To do this, Democrats should embrace the following priorities:

  1. Make the United States the global hub for emerging and advanced tech. The United States must compete on a fair playing field with China, or we will lose the race on AI, chips, batteries, and robotics—and with it our national security leverage. That requires more engagement with allies and trading partners in order to support American interests on the front lines of the battle with China, protect American interests from international overreach, and develop an aggressive export strategy to counter China.
  2. Build a 21st century permitting and infrastructure system. The current permitting system isn’t slow—it’s broken. We need to develop a radically simplified framework tailored to 21st century technologies that also maintains our high economic, environmental, and worker standards.
  3. Supercharge innovation with robust federal investment and reliable intellectual property protections. The United States is the undisputable leader in R&D. We must regain that mantle and re-fund federal investments in innovation. Public-private co-investment and strong, reliable IP protections are essential. From university lab discoveries all the way through to first of a kind deployment, a system supporting investment and technology is key. In an era of hyper-scaling innovation and competition with China, this funding pipeline needs to be supercharged with streamlined grant-making, new mechanisms like the UK’s National Innovation Wealth Fund, and reform of investment rules to allow more capital to flow into everything from high-growth startups to late-stage innovative companies.
  4. Future-proof the workforce with a skills-based, AI-ready education system. The next era of technological innovation requires an overhaul of education and training systems to give workers the skills in AI, advanced manufacturing, and other technologies. We also need a redo of our immigration system to bring in the high-skill workers from around the world that will create opportunity here at home.
  5. Establish clear rules of the road that only regulate what’s necessary. One federal standard is easier to comply with than 50 different state standards. Regulations should ensure technology is safe, but tacking on extraneous regulations to solve disparate problems only suffocates the innovation we’re trying to grow.
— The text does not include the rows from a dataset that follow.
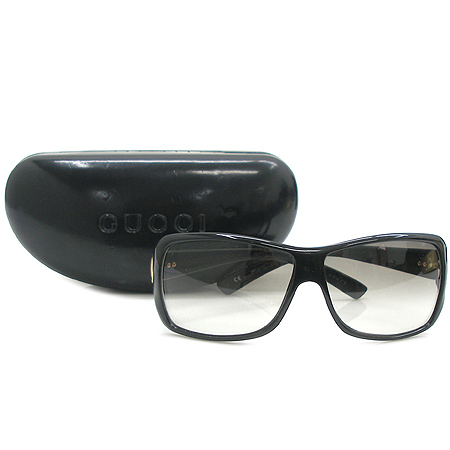 Gucci(����) GG2575 ���� �ΰ� ��� ���� ���۶� [�б�������] �̹���2 - ���̺��� �߰���ǰ
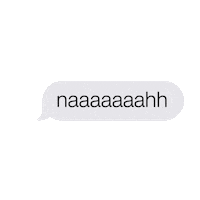 text apple Sticker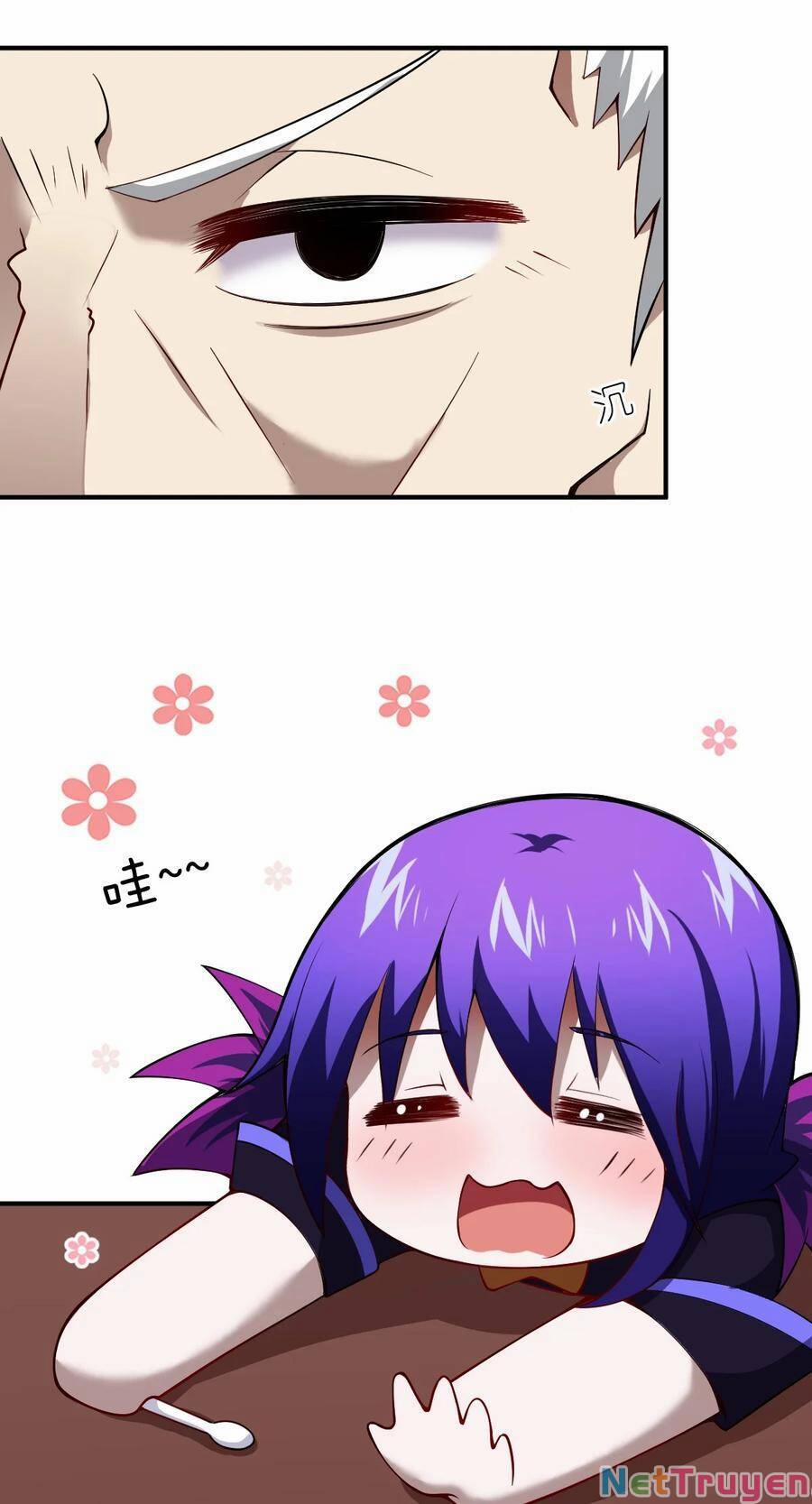 Ma Vương Trở Lại 56 trang 45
The Fourth Industrial Age of Intelligent Machines has the potential to create immense prosperity, but it will also bring massive disruptions. Jobs will shift and ethical concerns about AI decision-making will become urgent. Over the years, we have seen green shoots of congressional leadership, action, and execution on these issues—then-Leader Nancy Pelosi spearheaded an innovation agenda in 2005, Senate Democratic Leader Chuck Schumer built a bipartisan roadmap for AI, Rep. Ro Khanna has pushed to spread the benefits of technology into the Heartland, the New Democrat Coalition has had innovation task forces throughout recent Congresses, and Rep. Sam Liccardo is building a forward-looking agenda on tech, to name just a few.

But now, Democrats throughout the caucus should embrace and shape this shift proactively—rather than resisting it—and provide an optimistic path forward for the United States that will benefit all Americans. Democrats have led on an innovation agenda before, they can do it again.